Blog Post

Netflix Really Serious About Streaming-Only Subscription

Netflix (s NFLX) CFO Barry McCarthy said yesterday that the movie rental company will likely add a streaming-only subscription level “in the foreseeable future.” His remarks came at the Jeffries Internet and Media conference in New York, and reinforce similar comments made by Netflix CEO Reed Hastings last week.

McCarthy said Netflix is still focused on providing a bundled DVD/online offering, but evidently there’s been enough interest (certainly in the media) in a streaming-only option. Hastings has said Netflix plans to continue offering streaming as a subscription service, rather than exploring ad-supported or transactional business models.

Netflix passed the 10 million subscriber mark earlier this month and during its last earnings call Hastings said “millions” (emphasis on the “s” there) of subscribers had used the service. The company currently offers more than 12,000 titles through its “Watch Instantly” streaming service, which is mostly made up of catalog titles (but the freshness of content is definitely improving).

Better content and pricing would obviously be the key to adoption. Right now you can get unlimited streaming through Netflix for as little as $8.99 a month (the one-DVD-at-a-time level). But a streaming-only option for a little less would be quite appealing, especially if you could augment it with Amazon (s AMZN) VOD (coming to the Roku) for a la carte new releases.

8 Responses to “Netflix Really Serious About Streaming-Only Subscription”

  1. seanfitzroy

    I would love to see an all-you-can-eat / premium hybrid model where the user can get unlimited “library” streams coupled with x-number of “premium” 24 hour rental streams per month (similar to iTunes rentals). This would more closely emulate the current model but without the physical DVD media. Something like $12.99 for 12 premium rentals per month and unlimited library streams.

    • Chris Albrecht

      @Wade, you have a point. And Netflix did float a survey gauging how much people would pay for premium content like HBO. It’ll be interesting to see where Netflix takes it.
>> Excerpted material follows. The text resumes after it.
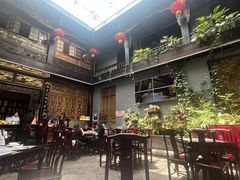 -蔼若春.传承三十年云南菜(金碧公园店)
  2. I remain extremely impressed with Netflix’s new media offerings to consumers, and their focused initiatives at delivering movies “over the top” via broadband. It makes sense for consumers now, and makes sense for their business moving forward, augmenting the Post Office distribution channel.

    Dramatic increases in titles available via streaming will depend upon establishing and improving their infrastructure for encoding and transcoding content that supports new streaming technologies and the variety of resolutions required for different consumer devices.
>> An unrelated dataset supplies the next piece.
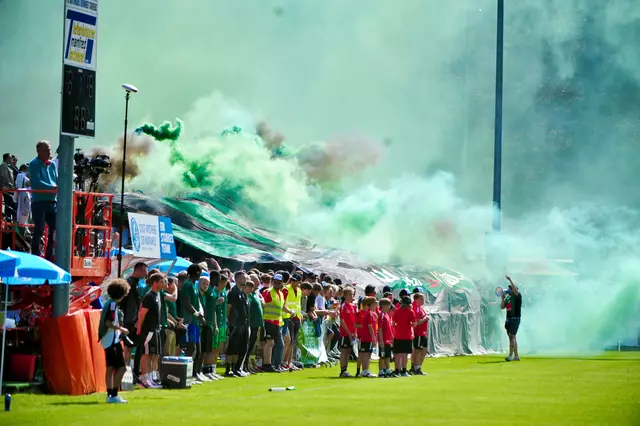 Gewaltig: Die Wacker-Fans ließen zuerst den Rauch aufgehen und sorgten dann für eine großartige Cup-Atmosphäre. | Foto: Hassl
    While the consumer subscription products and Netflix’s business vision is outstanding, I believe their infrastructure for processing content will need significant upgrades to be successful with broadband distribution of movies. Automation of their workflow is critical by adding “Encoding Intelligence” into their processes.

  3. Oh, one more thing.

    Amazon is rental and purchase. Quite a different model from NetFlix, which is an AYCE (all you can eat) subscription model.

    If I had to choose between the two, I would chose NetFlix. I don’t want to pay per movie fees. That could really cost a lot of money. That’s why I don’t buy TV shows or movies on iTunes.

  4. I have the $8.99 a month plan now, and don’t even use the DVDs. In fact, the last time I got a new DVD was about 4 or 5 months ago. I definitely have used the Watching Instantly service more than mail DVDs.

    NetFlix just needs to get more rights for streaming. And earlier release windows. Otherwise, who wants stale movies? The Long Tail works, but the real money is in current hits.